On Monday a bill was voted down in Australia’s parliament that would have allowed a plebiscite in February 2017 on same-sex marriage.
“Labor, the Greens, Nick Xenophon Team and senator Derryn Hinch combined in the Senate to block the plebiscite by 33 votes to 29, as they had promised weeks before,” reports The Guardian.
The plebiscite—a vote by the people of an entire country to decide on an issue—would have cost Australians $140 million, and asked Australians “if the Marriage Act should be revised to allow same-sex couples to marry.”
The Greens and Labor parties actually support legalizing same-sex marriage, but they don’t support the costly plebiscite calling it a “possible platform for hate speech.”
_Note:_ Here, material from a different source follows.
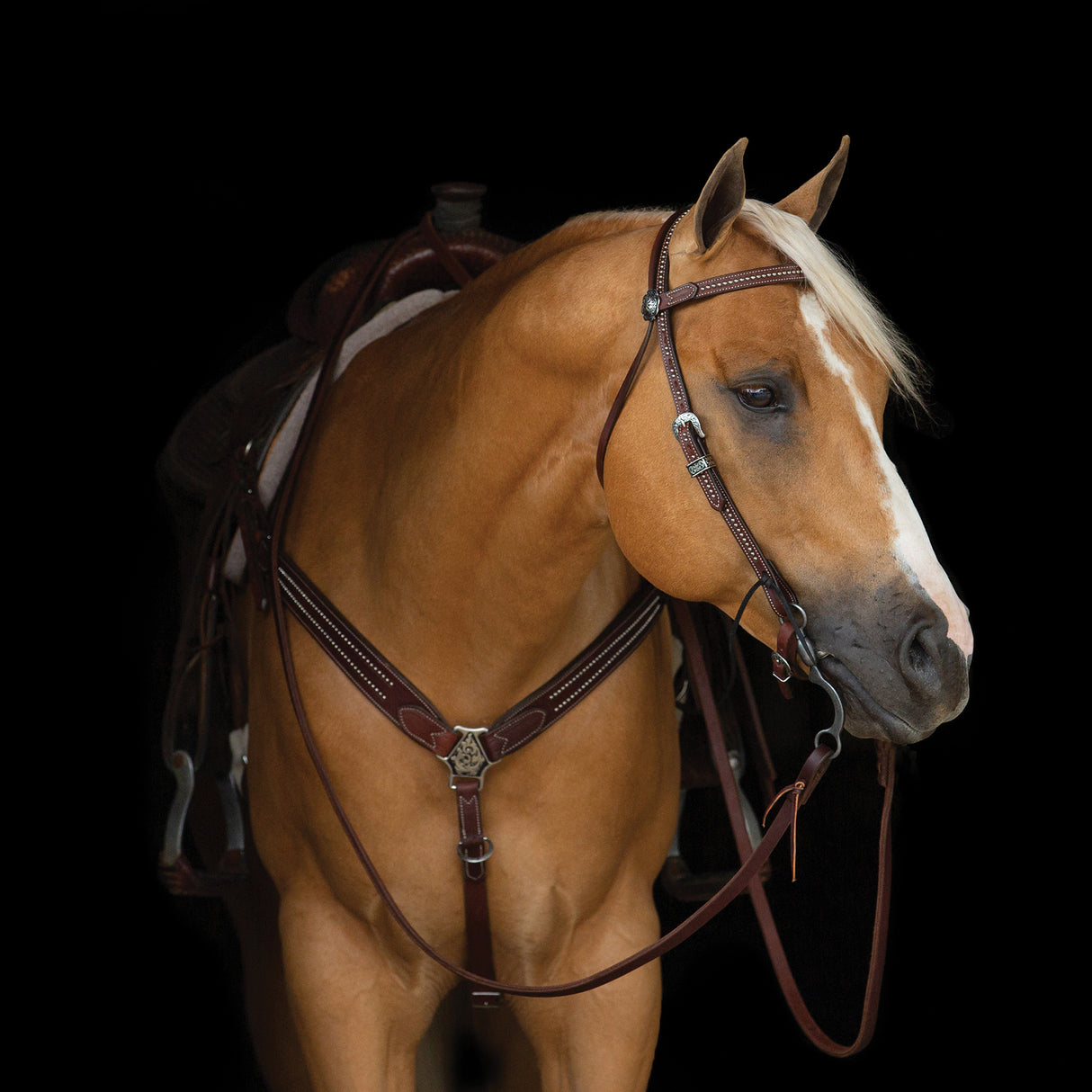 Austin Breast Collar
“More than two-thirds of Australians support marriage equality,” said Rodney Croome, a campaigner for the bill. “The majority of lawmakers want change and just a handful need to be persuaded to defy party lines for the Marriage Act to be revised.”
“That could happen quickly,” he added. “I only ever saw the plebiscite as a delaying tactic. It became a debate about the process rather than marriage reform.”
Before Monday’s vote Attorney General George Brandis gave a speech to the senators telling them to “stop playing politics with gay people’s lives. Get out of the way and let us have the plebiscite that would deliver marriage equality in Australia in less than 100 days.”
“Now that the plebiscite legislation is dead, we again call marriage equality supporters across all political parties to work together to find a pathway,” said Alex Greenwich, co-chair of Australian Marriage Equality. “It’s time our parliamentarians found a fair and dignified pathway that ensures every Australian is treated equally.”